> [ASSIGNMENT]:
Without the pictures, output the records below word for word.

Crawled caption data
Start of Block

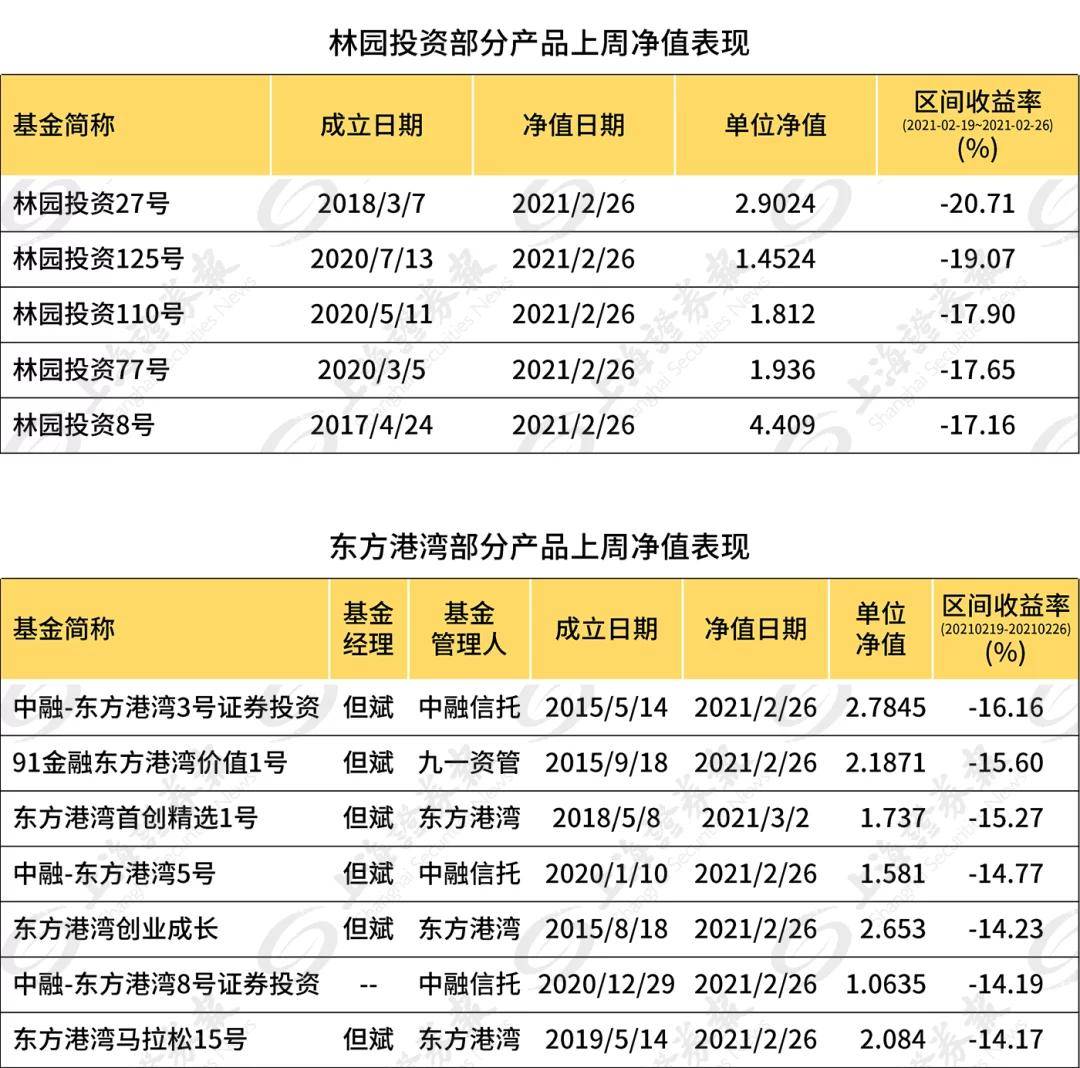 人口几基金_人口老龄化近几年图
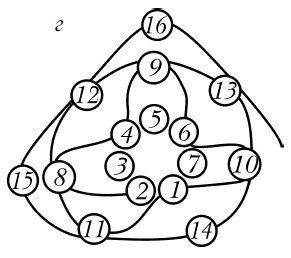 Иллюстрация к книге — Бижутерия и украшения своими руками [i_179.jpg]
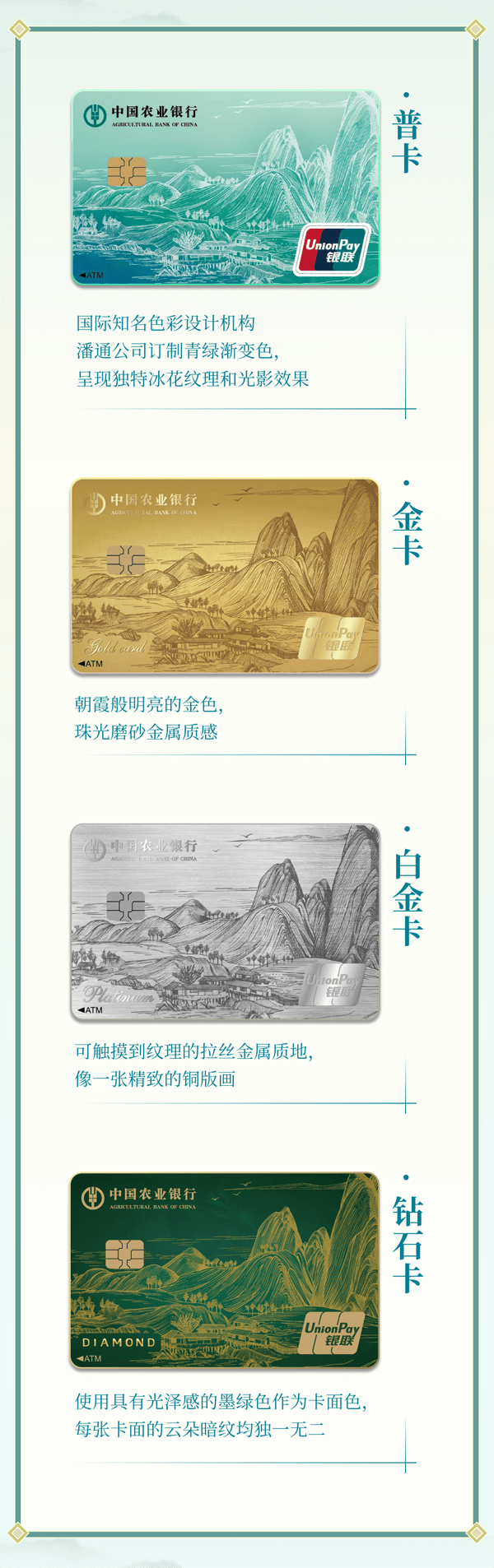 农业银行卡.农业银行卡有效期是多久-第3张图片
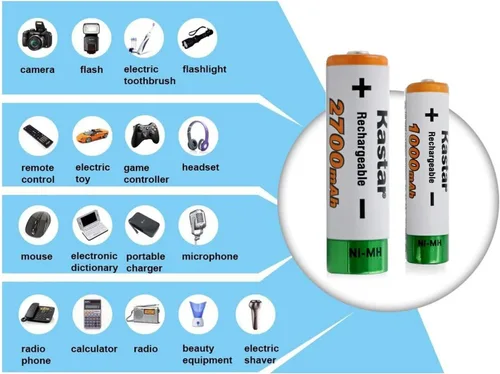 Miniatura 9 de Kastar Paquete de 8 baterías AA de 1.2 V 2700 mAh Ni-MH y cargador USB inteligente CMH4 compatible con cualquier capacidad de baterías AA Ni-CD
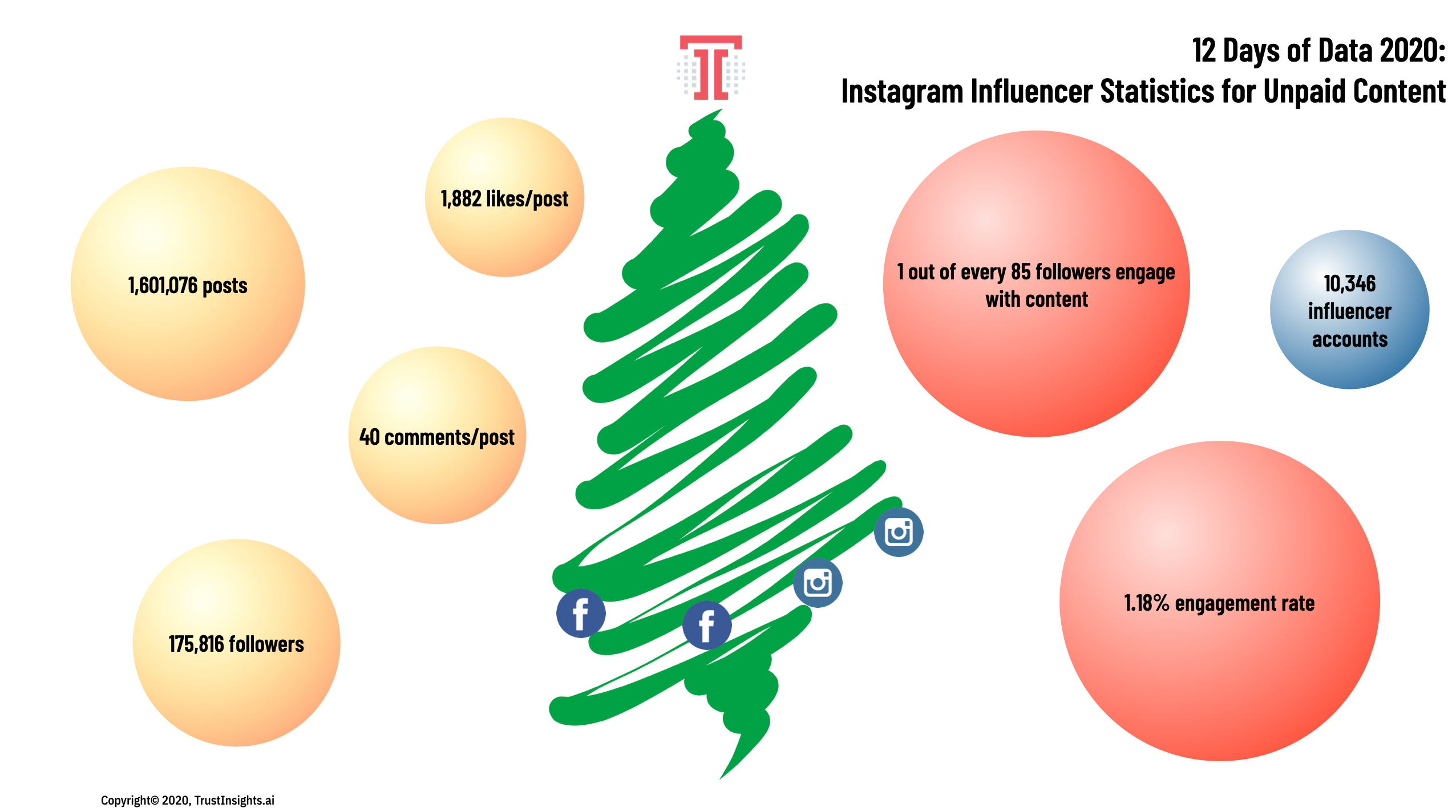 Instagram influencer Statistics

End of Block

> [WRITTEN ANSWER]:
 人口几基金_人口老龄化近几年图
 Иллюстрация к книге — Бижутерия и украшения своими руками [i_179.jpg]
 农业银行卡.农业银行卡有效期是多久-第3张图片
 Miniatura 9 de Kastar Paquete de 8 baterías AA de 1.2 V 2700 mAh Ni-MH y cargador USB inteligente CMH4 compatible con cualquier capacidad de baterías AA Ni-CD
 Instagram influencer Statistics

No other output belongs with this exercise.